_Task_:
Return exactly and only these lines: the first of the listing through the one containing "Modest / Simple".

_Data to use_:
:::::
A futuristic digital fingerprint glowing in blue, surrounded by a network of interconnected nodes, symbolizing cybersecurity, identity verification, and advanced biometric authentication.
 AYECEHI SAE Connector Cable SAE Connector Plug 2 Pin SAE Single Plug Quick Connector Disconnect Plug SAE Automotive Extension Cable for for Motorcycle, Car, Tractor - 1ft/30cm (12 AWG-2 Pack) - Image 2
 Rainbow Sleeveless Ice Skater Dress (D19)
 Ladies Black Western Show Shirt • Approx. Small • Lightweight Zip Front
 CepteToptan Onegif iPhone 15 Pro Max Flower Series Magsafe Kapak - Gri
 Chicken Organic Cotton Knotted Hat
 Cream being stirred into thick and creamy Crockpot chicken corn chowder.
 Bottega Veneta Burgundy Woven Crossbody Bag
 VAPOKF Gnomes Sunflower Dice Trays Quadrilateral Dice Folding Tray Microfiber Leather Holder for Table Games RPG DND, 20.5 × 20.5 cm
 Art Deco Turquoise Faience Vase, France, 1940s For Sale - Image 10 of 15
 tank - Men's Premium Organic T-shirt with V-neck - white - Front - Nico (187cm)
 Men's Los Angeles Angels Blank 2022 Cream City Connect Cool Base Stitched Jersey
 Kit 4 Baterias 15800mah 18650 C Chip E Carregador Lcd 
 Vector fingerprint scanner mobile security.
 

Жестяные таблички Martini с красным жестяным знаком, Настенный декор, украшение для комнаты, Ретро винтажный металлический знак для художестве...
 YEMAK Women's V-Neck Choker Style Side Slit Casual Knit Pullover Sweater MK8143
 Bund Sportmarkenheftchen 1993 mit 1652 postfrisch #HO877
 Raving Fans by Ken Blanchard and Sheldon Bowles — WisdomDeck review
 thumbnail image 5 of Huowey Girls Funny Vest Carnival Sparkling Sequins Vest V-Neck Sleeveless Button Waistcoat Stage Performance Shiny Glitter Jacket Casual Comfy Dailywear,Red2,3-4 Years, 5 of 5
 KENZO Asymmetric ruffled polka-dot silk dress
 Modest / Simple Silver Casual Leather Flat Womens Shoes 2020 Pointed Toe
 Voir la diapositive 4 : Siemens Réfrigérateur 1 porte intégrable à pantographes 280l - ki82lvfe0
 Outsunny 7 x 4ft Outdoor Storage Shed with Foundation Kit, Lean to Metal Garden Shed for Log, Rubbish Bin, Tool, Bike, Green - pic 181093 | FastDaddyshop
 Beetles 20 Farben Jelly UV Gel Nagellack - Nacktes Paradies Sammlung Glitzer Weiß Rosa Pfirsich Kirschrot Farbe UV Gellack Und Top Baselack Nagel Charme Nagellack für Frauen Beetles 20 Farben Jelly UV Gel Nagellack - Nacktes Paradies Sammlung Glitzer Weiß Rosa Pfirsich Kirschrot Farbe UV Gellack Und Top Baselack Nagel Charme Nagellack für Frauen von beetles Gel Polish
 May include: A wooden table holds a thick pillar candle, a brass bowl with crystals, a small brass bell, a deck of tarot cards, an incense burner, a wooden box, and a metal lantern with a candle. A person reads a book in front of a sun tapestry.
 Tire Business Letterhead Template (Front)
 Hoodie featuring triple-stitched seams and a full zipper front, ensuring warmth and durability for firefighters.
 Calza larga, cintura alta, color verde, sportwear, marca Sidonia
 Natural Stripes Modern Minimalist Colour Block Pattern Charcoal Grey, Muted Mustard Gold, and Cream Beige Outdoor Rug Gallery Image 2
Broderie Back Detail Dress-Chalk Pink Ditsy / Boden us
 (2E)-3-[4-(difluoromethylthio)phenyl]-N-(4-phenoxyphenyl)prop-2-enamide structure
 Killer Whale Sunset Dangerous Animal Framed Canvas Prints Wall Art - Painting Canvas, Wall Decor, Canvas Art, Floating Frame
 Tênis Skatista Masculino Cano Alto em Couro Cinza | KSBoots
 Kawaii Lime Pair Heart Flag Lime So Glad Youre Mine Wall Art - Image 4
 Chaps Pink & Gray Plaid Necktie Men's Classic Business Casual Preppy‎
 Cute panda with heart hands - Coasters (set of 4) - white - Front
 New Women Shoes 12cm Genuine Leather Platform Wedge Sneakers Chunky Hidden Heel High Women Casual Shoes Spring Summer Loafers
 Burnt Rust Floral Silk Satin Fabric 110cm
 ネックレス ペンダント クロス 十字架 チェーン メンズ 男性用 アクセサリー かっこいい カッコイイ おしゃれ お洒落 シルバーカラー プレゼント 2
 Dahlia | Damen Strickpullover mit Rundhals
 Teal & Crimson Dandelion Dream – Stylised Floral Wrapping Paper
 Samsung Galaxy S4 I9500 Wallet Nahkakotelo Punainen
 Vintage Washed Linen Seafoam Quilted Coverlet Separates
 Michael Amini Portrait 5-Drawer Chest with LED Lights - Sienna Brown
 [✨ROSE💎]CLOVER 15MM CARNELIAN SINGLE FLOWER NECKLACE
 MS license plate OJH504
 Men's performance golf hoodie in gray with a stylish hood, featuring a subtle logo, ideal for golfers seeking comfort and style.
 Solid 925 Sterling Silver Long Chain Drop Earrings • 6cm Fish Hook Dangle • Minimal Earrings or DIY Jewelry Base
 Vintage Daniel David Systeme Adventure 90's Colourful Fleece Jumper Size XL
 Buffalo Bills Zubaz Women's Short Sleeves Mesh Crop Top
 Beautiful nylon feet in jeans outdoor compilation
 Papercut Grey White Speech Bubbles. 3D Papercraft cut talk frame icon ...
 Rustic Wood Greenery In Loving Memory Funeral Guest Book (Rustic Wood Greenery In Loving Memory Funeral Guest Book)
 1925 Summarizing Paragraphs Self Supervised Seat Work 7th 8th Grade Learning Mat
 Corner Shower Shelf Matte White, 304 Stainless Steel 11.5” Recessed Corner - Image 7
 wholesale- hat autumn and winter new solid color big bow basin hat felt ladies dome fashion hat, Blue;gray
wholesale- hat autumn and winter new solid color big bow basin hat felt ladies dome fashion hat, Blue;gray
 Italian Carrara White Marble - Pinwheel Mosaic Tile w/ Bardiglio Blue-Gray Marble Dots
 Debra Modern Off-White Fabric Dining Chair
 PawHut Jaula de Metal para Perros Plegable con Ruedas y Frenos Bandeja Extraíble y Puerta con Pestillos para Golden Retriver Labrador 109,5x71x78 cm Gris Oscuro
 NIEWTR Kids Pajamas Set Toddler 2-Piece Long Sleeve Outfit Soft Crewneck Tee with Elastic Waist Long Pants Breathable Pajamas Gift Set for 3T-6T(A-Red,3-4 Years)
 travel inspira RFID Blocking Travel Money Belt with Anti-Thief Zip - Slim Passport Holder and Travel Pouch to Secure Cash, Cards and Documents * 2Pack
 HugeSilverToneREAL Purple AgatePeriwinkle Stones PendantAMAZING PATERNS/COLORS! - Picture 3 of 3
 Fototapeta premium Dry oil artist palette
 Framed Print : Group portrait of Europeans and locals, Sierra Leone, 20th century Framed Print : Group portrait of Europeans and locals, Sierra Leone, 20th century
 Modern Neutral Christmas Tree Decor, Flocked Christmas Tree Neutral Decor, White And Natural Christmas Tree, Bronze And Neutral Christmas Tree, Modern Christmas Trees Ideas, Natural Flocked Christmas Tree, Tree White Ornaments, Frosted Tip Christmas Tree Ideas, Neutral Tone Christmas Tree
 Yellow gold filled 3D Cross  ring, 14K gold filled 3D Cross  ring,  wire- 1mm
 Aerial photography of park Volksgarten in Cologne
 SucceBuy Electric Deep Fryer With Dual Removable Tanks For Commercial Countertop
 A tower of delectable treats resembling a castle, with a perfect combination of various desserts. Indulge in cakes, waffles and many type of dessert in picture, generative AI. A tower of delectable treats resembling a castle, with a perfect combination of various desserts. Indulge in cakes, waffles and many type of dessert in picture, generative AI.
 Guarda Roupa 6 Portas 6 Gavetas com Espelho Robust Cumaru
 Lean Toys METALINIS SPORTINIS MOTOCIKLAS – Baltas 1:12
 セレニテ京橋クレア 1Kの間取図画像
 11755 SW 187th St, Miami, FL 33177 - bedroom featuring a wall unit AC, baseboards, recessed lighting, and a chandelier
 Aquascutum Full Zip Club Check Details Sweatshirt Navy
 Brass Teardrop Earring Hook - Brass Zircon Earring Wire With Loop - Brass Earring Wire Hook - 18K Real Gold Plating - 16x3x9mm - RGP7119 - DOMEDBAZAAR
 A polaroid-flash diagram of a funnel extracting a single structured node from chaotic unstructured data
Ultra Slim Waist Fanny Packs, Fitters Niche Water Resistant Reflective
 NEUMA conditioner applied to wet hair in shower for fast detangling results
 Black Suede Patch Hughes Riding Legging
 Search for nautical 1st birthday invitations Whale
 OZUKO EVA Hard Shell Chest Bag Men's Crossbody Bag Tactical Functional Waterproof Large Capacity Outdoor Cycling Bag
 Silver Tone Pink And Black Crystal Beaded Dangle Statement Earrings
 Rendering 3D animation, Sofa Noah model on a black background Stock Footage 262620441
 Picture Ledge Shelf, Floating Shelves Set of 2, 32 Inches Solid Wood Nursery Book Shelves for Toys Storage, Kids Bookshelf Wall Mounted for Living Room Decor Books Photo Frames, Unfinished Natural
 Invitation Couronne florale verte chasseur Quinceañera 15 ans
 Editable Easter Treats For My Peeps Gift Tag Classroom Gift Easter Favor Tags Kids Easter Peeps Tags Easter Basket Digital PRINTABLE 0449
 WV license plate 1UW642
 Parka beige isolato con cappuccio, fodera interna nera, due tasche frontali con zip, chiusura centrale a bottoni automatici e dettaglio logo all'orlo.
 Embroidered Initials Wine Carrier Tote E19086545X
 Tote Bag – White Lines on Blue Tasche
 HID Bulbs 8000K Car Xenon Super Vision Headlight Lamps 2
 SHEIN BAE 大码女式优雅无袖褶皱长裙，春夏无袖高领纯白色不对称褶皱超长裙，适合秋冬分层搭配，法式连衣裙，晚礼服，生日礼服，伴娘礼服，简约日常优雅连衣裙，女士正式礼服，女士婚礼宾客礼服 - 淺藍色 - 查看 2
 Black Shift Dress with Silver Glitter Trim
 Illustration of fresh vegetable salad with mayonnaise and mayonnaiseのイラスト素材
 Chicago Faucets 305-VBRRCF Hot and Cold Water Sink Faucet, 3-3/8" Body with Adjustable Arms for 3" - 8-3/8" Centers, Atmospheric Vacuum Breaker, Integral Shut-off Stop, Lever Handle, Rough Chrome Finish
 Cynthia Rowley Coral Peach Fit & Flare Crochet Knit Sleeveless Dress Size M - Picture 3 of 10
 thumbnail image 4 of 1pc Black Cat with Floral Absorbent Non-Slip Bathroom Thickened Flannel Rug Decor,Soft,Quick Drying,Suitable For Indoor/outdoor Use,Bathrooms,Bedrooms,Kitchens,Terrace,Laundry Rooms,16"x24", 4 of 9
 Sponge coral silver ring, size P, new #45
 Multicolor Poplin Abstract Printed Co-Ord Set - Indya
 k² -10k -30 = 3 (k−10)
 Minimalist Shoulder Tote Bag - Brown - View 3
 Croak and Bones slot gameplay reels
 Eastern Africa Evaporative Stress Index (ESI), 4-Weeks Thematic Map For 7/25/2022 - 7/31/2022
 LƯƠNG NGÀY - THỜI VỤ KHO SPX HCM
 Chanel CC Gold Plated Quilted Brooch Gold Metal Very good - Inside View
:::::
_Response_:
A futuristic digital fingerprint glowing in blue, surrounded by a network of interconnected nodes, symbolizing cybersecurity, identity verification, and advanced biometric authentication.
 AYECEHI SAE Connector Cable SAE Connector Plug 2 Pin SAE Single Plug Quick Connector Disconnect Plug SAE Automotive Extension Cable for for Motorcycle, Car, Tractor - 1ft/30cm (12 AWG-2 Pack) - Image 2
 Rainbow Sleeveless Ice Skater Dress (D19)
 Ladies Black Western Show Shirt • Approx. Small • Lightweight Zip Front
 CepteToptan Onegif iPhone 15 Pro Max Flower Series Magsafe Kapak - Gri
 Chicken Organic Cotton Knotted Hat
 Cream being stirred into thick and creamy Crockpot chicken corn chowder.
 Bottega Veneta Burgundy Woven Crossbody Bag
 VAPOKF Gnomes Sunflower Dice Trays Quadrilateral Dice Folding Tray Microfiber Leather Holder for Table Games RPG DND, 20.5 × 20.5 cm
 Art Deco Turquoise Faience Vase, France, 1940s For Sale - Image 10 of 15
 tank - Men's Premium Organic T-shirt with V-neck - white - Front - Nico (187cm)
 Men's Los Angeles Angels Blank 2022 Cream City Connect Cool Base Stitched Jersey
 Kit 4 Baterias 15800mah 18650 C Chip E Carregador Lcd 
 Vector fingerprint scanner mobile security.
 

Жестяные таблички Martini с красным жестяным знаком, Настенный декор, украшение для комнаты, Ретро винтажный металлический знак для художестве...
 YEMAK Women's V-Neck Choker Style Side Slit Casual Knit Pullover Sweater MK8143
 Bund Sportmarkenheftchen 1993 mit 1652 postfrisch #HO877
 Raving Fans by Ken Blanchard and Sheldon Bowles — WisdomDeck review
 thumbnail image 5 of Huowey Girls Funny Vest Carnival Sparkling Sequins Vest V-Neck Sleeveless Button Waistcoat Stage Performance Shiny Glitter Jacket Casual Comfy Dailywear,Red2,3-4 Years, 5 of 5
 KENZO Asymmetric ruffled polka-dot silk dress
 Modest / Simple Silver Casual Leather Flat Womens Shoes 2020 Pointed Toe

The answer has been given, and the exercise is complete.